Amal’s story is not my entire story. She saw everything through a red lens of revolution. But I was surrounded by the sounds and scents of my city, the dry desert heat, walking at night between fragrant jasmine blossoms when I left my grandmother’s house, awaking to the sound of the morning adhan, call to prayer, from my bedroom, watching my friends’ children growing older, almost as old as we were when we became friends, tasting dishes that never change, but always delight. The city is the citadel at sunset, it is turning a corner and knowing that a specific minaret will appear exactly in the middle of your perspective. It is bending down to face a child on the street who curiously watches me taking pictures of posters and asks me to take her picture, asking me to see her, and I did. Those moments and countless more, some weave into my memories and dreams, and others already forgotten, those moments were mine and not Amal’s. That Aleppo is mine alone.
Amal gave me a voice I thought I had lost, and her ways began to rub off on me. My personal fear barrier still existed but was seriously breached. I ask my brother, “What happens if someone asks, ‘Are you Amal?’” He looks at me like it is the dumbest question in the world. “You say no. You have a pseudonym for a reason.” He is right, but sometimes, in moments of false courage, it was easy to forget why the false name was ever needed. And other times it was extremely clear, as I heard horror stories of parents in Syria being attacked for their children’s actions in the United States. And the fear looms large, concrete once again.
In the end I wrote for myself, to remember a time I knew would be like no other. What I did not anticipate was my joy when I read your comments to her, or my pain when I responded in her name to your names both real and concealed. I could not help but feel a pang of jealousy of Amal, someone stronger, braver, wittier, than me. Amal was supposed to protect my loyalties, my subjects, the people who did not ask to be written about, my lifelong friendships, and my family. But what I did not expect to happen at all, let alone in a few short weeks, was for Amal to forge her own loyalties with readers through comments, over Twitter, and email, with courageous strangers who shared stories and offered support. While they were virtual, brand-new relationships, the circumstances made them instantly deep and real.

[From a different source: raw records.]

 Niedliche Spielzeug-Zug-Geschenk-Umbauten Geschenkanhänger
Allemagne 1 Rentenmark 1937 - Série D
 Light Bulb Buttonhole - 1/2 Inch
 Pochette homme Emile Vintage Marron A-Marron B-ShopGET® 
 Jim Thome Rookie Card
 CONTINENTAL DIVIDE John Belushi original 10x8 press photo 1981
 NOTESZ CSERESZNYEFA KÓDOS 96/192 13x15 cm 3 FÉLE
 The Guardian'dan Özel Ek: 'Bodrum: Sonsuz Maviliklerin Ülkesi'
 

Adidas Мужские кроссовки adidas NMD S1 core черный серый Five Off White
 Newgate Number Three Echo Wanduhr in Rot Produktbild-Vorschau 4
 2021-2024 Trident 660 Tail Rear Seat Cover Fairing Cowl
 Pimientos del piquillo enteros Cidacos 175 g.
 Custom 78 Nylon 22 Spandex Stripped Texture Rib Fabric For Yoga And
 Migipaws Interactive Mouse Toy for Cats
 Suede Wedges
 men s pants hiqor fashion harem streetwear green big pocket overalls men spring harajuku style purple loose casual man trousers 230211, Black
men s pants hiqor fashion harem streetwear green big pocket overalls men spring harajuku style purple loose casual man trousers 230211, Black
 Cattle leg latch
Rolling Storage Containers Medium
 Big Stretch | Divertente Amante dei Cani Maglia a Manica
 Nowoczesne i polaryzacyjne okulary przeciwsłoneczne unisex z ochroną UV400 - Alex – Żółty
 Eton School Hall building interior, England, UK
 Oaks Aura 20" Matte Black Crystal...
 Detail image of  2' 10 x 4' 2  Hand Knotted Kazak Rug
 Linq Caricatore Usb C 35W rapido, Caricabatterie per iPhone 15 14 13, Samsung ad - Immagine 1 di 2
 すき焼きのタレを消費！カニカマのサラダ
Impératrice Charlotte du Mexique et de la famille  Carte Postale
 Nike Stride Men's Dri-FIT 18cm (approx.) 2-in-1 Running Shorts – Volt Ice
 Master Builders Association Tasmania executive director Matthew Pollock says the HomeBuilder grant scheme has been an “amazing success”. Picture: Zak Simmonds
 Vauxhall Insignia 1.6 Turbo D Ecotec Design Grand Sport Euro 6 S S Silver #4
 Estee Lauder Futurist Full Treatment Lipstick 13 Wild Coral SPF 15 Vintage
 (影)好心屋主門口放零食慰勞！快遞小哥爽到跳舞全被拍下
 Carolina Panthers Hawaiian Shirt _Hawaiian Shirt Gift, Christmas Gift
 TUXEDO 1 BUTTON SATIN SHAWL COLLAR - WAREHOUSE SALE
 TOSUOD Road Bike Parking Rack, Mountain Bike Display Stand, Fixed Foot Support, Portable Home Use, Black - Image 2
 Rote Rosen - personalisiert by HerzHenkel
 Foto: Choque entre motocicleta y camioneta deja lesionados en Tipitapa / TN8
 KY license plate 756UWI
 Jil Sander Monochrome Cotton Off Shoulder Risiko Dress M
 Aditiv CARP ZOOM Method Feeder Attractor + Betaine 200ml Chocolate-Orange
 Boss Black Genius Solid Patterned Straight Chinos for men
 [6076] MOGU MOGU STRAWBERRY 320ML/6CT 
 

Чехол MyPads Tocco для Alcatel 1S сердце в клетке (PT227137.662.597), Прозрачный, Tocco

Amal’s Gmail is white, with empty folders, and no accumulation of unanswered emails or unread articles. Her life is a clean slate. A new beginning. A second chance. My second chance. Amal became my amal, my hope.
So, until this regime falls, Amal will exist, not only out of true fear for those I left behind, but because what she has come to represent to you and to me.
Ibrahim and Amal, the leader and the hope, the past and the future, they guide me as I watch a new story unfold, a new history written, a new Syria reborn. One day, we will all be able to speak, write, imagine, sing, and create under our real names, with nothing to fear, nothing to doubt. We will meet there, as poet Sinan Antoon said, “under a new sun.”